Again on mobile phones protection

After my previous post on the matter I’ve found out that, first of all, iOS does support complex passwords, and second I had an experience that strengthened my feeling that Apple’s move toward TouchID is a good move.

So around 24 hours later, I guess the shock itself is wearing off, even though the scene is still extremely fuzzy in my mind.

Last night, after saying bye to [Andrea] and [Fabio] I was trying to get a cab on the South Side, and after two drivers calling to say that they couldn’t pick me up (so why on earth did you accept the ride on [HAILO] ?) I decided to cross the river — on the next pedestrian bridge next to O’Connell (Ha’Penny).

Just before finishing crossing, some scumbag yanks my phone out of my hands (while I was calling another cab). I should have just left them the phone and called Security to have it locked & tracked down, but I got into fight-or-flight mode and, as it turns out, in particular in fight mode.

I run after the guy, who was trying to cross Ormond Quay, but thanks to him trying to avoid getting driven over I catch and grab him by the chest. He drops my phone, not sure if hoping I’d let go or because he struggled; his partner then punches me in the face and screamsfor me to let him go, my glasses and my hat fall on the sidewalk, and the two guys run away.

I pick up the glasses, put my hat back on and check on the phone, it’s ringing, it’s the cab driver. One passer by actually stops to ask me if I’m okay and if I got my phone, I’m afraid I ended up being rude to him, but I was quite shocked. The cab driver has been the most understanding, I walked away from him instead of toward, but he caught up with me, and got me safely back home. I probably should have reported this but at the time I couldn’t think, and now it would be useless.

Speaking with Security tonight I realized how stupid it has been of me to run after the guy, I should have just turned back, asked Andrea to call them to pick me up and track the phone. They could have had a knife, a rock or even just any other blunt object.

I got lucky, again… it’s not the first time, I sure hope it’s not going to be the last time (although I’d like not to need to be lucky).
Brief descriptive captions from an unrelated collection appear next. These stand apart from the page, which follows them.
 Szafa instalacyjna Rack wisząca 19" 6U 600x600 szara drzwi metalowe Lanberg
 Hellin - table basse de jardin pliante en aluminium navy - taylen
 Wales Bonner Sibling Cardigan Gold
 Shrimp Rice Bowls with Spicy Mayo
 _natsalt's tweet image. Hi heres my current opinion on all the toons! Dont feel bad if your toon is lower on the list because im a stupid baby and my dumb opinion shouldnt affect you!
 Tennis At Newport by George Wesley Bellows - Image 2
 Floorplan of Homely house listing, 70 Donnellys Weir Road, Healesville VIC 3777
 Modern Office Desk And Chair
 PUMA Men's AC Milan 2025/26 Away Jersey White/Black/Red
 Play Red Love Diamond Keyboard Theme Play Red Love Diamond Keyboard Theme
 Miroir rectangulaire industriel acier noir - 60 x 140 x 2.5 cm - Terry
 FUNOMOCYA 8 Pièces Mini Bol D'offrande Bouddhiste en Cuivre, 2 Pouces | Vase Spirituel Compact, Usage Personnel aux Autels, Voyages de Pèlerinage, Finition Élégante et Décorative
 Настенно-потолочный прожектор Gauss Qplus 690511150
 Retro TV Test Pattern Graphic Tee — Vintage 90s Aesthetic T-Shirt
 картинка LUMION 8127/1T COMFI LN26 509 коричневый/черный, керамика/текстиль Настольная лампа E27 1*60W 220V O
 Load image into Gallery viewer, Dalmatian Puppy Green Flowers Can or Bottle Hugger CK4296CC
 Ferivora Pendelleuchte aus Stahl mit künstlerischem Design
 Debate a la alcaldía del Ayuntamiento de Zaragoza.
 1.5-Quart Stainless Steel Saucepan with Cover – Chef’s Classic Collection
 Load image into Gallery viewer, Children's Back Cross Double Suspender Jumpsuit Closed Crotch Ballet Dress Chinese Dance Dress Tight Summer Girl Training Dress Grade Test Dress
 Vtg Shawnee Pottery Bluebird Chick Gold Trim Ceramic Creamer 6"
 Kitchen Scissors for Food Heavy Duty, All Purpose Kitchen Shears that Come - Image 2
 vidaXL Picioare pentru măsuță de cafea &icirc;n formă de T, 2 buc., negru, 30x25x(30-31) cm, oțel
But sure I don’t want to stray to the North Side too often.

There is no need to tell me I was totally stupid and irresponsible, I know that. On the other hand, I can say now that I’m happy Apple decided to address the phone theft problem in a non-obvious way.

No, TouchID is not better than a PIN. No, it does not resist against even shallow targeted attacks. No, it does not protect you against police forces — why should it?

But it’s more convenient than a PIN, and people who wouldn’t even use a PIN (let alone a stronger password) because of the inconvenience are likely to rather consider using TouchID. And while again this will not protect you against self-indictment (again, why should it? — yes if it wasn’t clear enough, I’m usually trusting the police more than your average paranoid), the standard city thief wouldn’t have much use of a locked phone, beside as parts.

As long as the news goes around that phones can’t be unlocked and their value on the black market goes down, the amount of thieveries will go down.

So instead of blaming Apple for not addressing your concerns of a paranoid geek (concerns that, at this point, were addressed a long time ago and the solution for was not invalidated), think about what they are really trying to solve.